(Records from a data source)
= Beginning of Section =

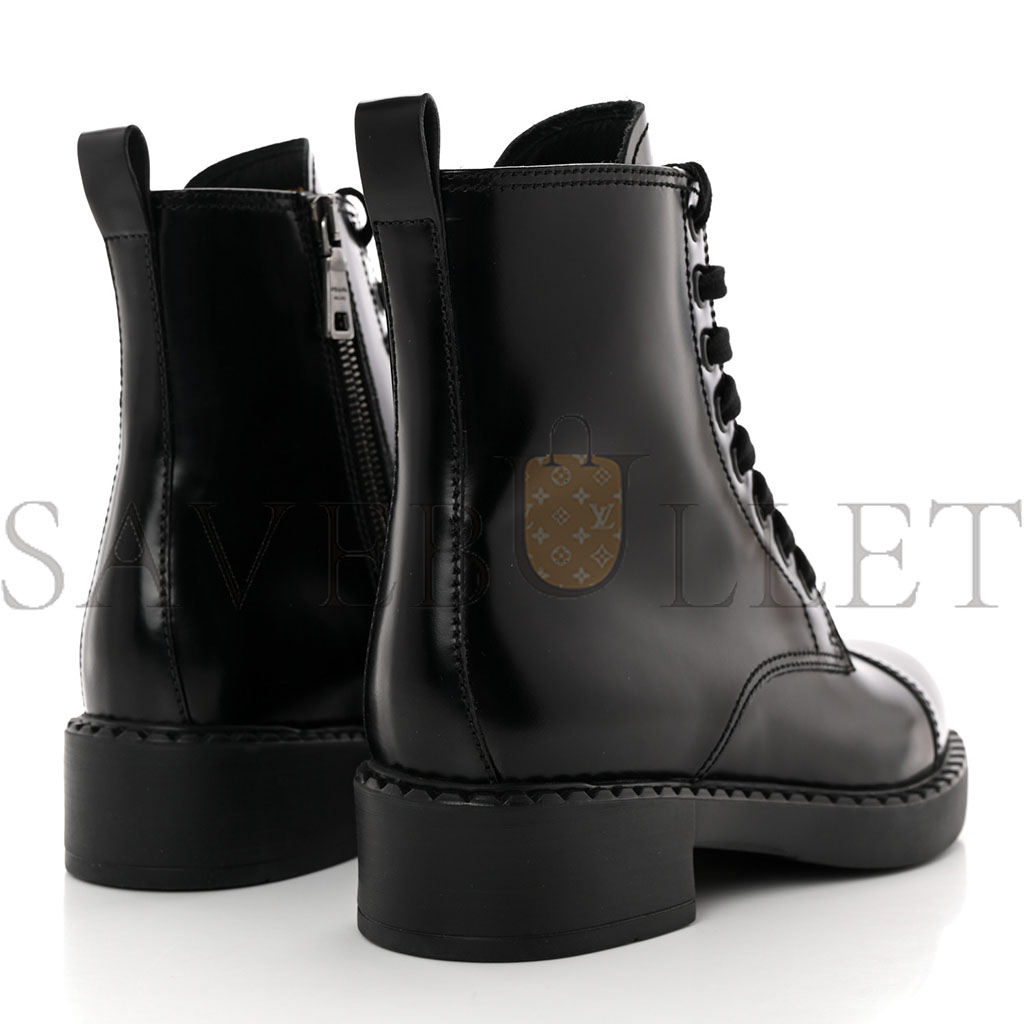 PRADA SPAZZOLATO CHOCOLATE 50MM COMBAT BOOTS 36 BLACK PRADA SPAZZOLATO CHOCOLATE 50MM COMBAT BOOTS 36 BLACK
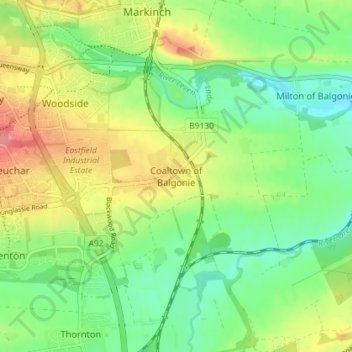 Coaltown of Balgonie地形图、海拔、地势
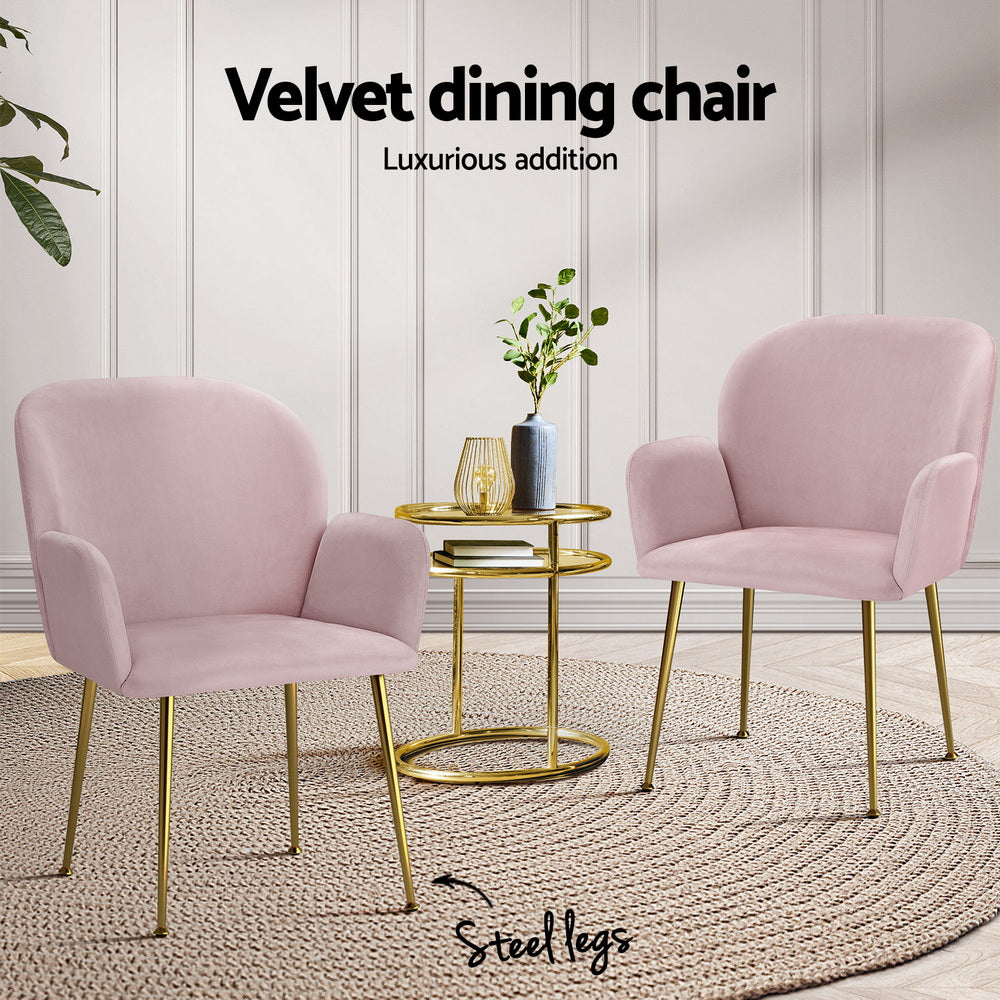 Artiss Dining Chairs Set of 4 Velvet Armchair Pink-Furniture > Dining > Kitchen & Dining Chairs-PEROZ Accessories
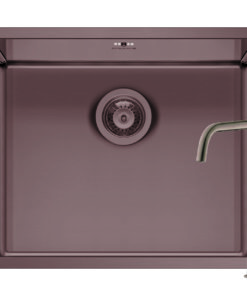 Set chiuveta inox ASTRIS COLORA 50x40 1B si baterie ADELITA Copper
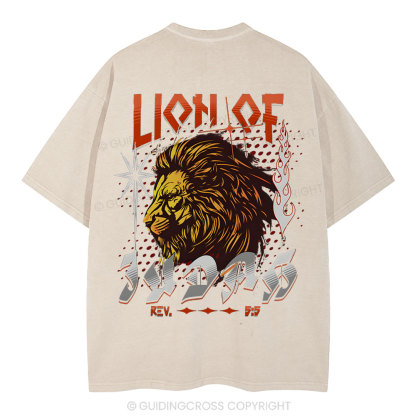 Lion Of Judah Christian Washed T-Shirt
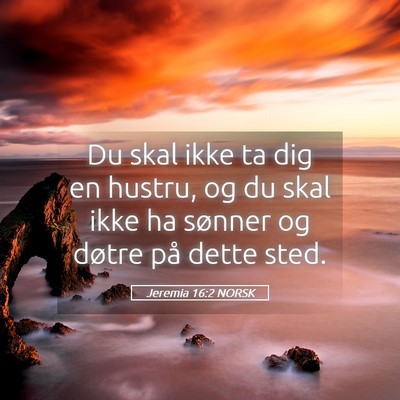 Picture 05 - Jeremia 16:2 NORSK - Du skal ikke ta dig en hustru, og du skal ikke ha - Bible Verse Picture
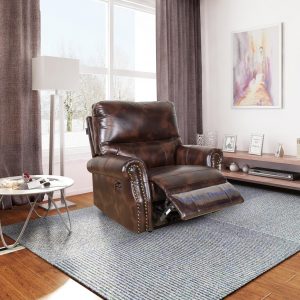 manual reclining leather sofa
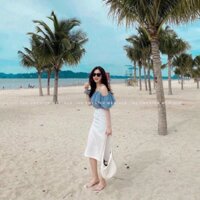Set áo trễ vai hai dây kèm chân váy dài tặng scrunchies ( kèm ảnh thật )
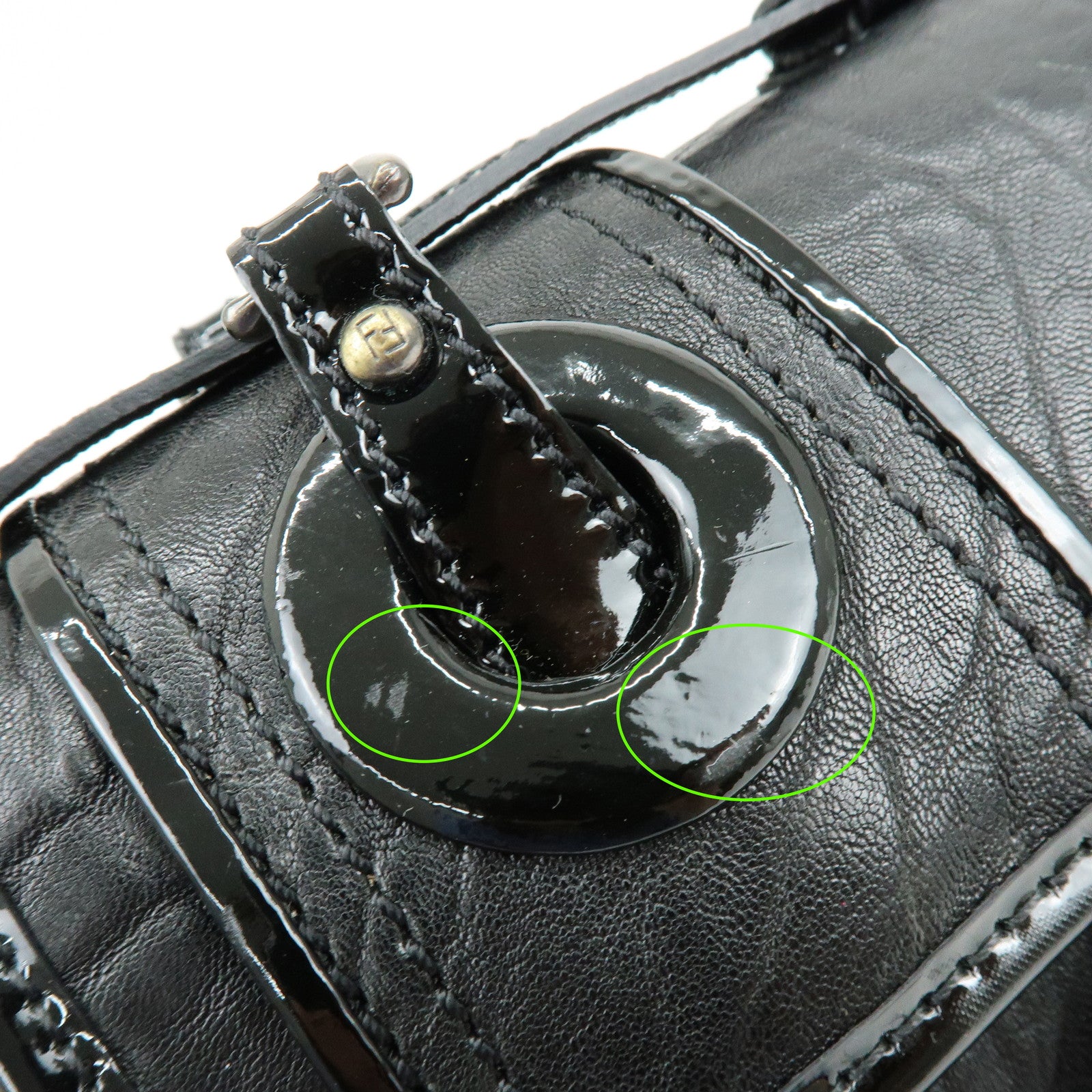 FENDI Patent Leather Chain Shoulder Bag Hand Bag Black 8BN165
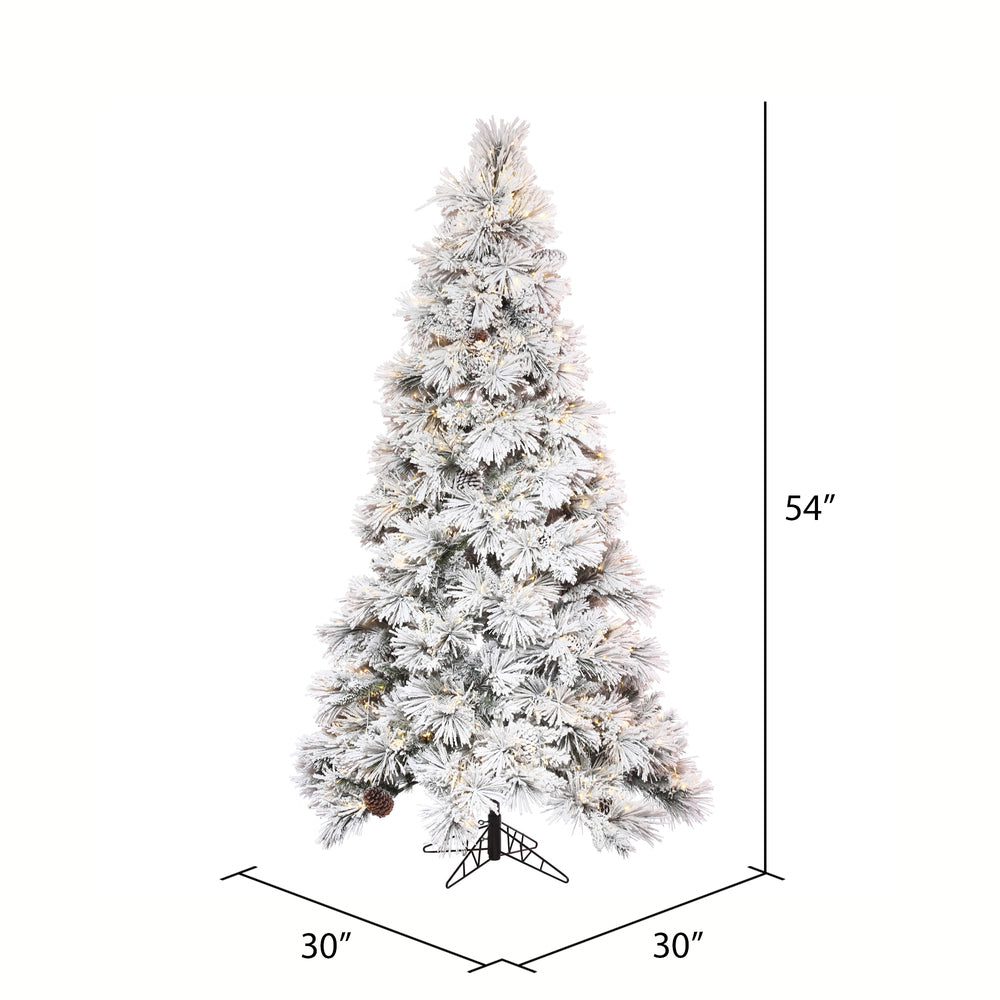 Vickerman 4.5' x 30" Flocked Atka Slim Artificial Christmas Tree Warm White LED lights.
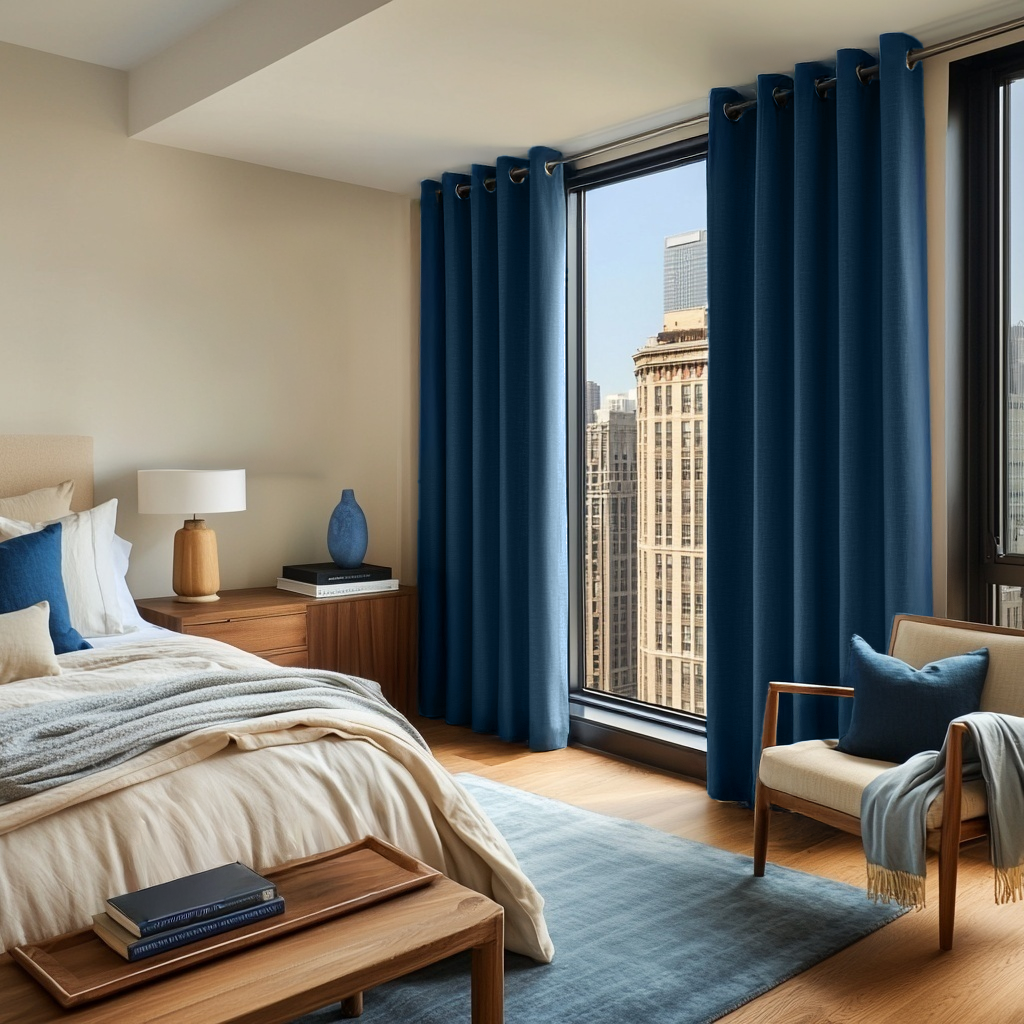 Bedroom Peacock Blue Linen Eyelet Curtains - Blackout Lining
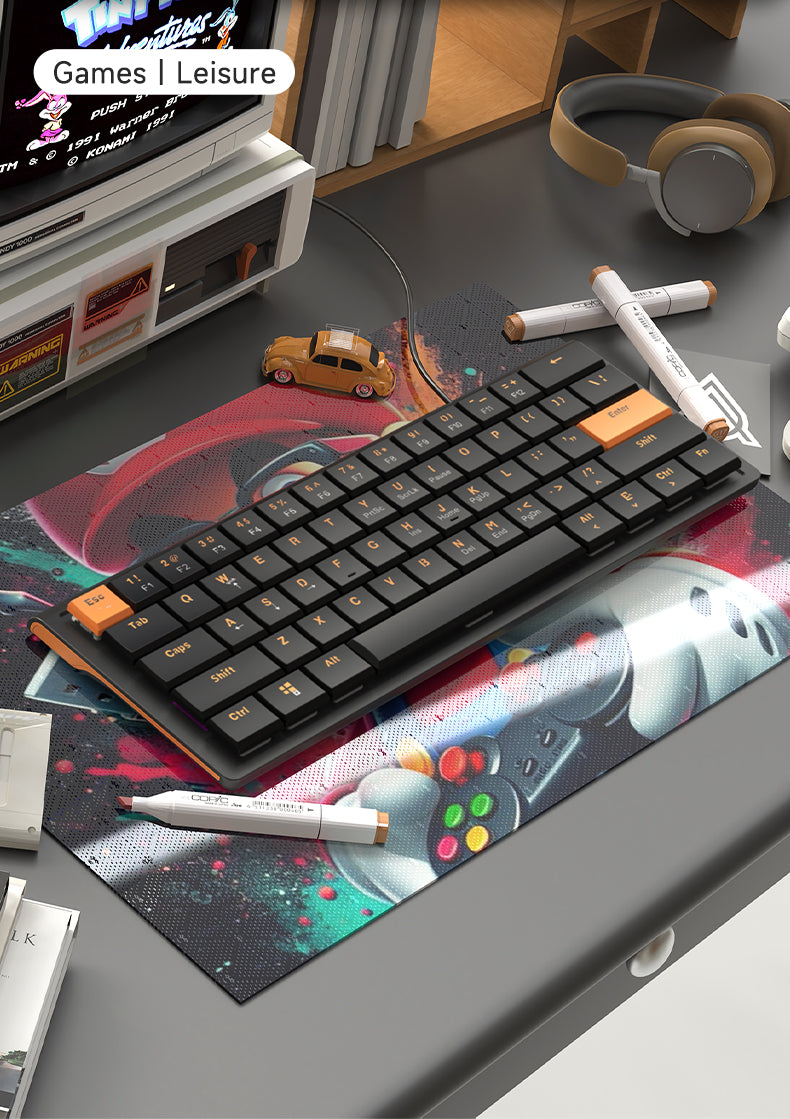 re.★①②郵 丸1012→ネオン系各6種類計12シート AJAZZ NKL61 Wired small column keyboard Mechanical low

= End of Section =

* **Exercise directions**: A verbatim copy of every record above is required, with all pictures omitted.

* **Problem solution**:
 PRADA SPAZZOLATO CHOCOLATE 50MM COMBAT BOOTS 36 BLACK PRADA SPAZZOLATO CHOCOLATE 50MM COMBAT BOOTS 36 BLACK
 Coaltown of Balgonie地形图、海拔、地势
 Artiss Dining Chairs Set of 4 Velvet Armchair Pink-Furniture > Dining > Kitchen & Dining Chairs-PEROZ Accessories
 Set chiuveta inox ASTRIS COLORA 50x40 1B si baterie ADELITA Copper
 Lion Of Judah Christian Washed T-Shirt
 Picture 05 - Jeremia 16:2 NORSK - Du skal ikke ta dig en hustru, og du skal ikke ha - Bible Verse Picture
 manual reclining leather sofa
Set áo trễ vai hai dây kèm chân váy dài tặng scrunchies ( kèm ảnh thật )
 FENDI Patent Leather Chain Shoulder Bag Hand Bag Black 8BN165
 Vickerman 4.5' x 30" Flocked Atka Slim Artificial Christmas Tree Warm White LED lights.
 Bedroom Peacock Blue Linen Eyelet Curtains - Blackout Lining
 re.★①②郵 丸1012→ネオン系各6種類計12シート AJAZZ NKL61 Wired small column keyboard Mechanical low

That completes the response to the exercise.